Crystal structure and defect reactions in the kesterite solar cell absorber $Cu2ZnSnS4$ (CZTS): Theoretical insights

$Cu2ZnSnS4$ (CZTS) is one of the most promising quaternary absorber materials for thin‐film solar cells. Light to electricity conversion efficiencies in CZTS devices have recently reached 9.6%, making it a competitive and more sustainable replacement for existing CdTe and $Cu(In,Ga)Se2$ (CIGS) thin‐film technologies. We review our recent insights into the structural, electronic and defect properties of this topical material. We have found that the stable crystal structure of CZTS is kesterite, which is derived from the ternary chalcopyrite structure. Examination of the thermodynamic stability of CZTS reveals that the stable chemical potential region for the formation of the stoichiometric compound is small.

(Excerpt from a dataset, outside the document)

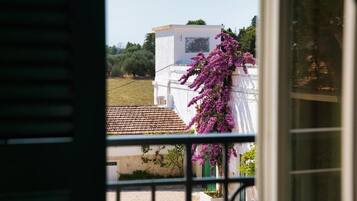 Chambre Double, balcon, vue cour intérieure | Intérieur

Under these conditions, the dominant defect will be p‐type $CuZn$ antisite, which has an acceptor level deeper than the isolated Cu vacancy. The dominant self‐compensated defect pair is $[CuZn+ZnCu],$ which leads to the formation of various polytype structures. We propose that to maximize the solar cell performance, growth of CZTS under Cu‐poor/Zn‐rich conditions will be optimal, if the precipitation of ZnS can be avoided. This theoretical guidance can provide new directions for improving the conversion efficiencies of kesterite based solar cells.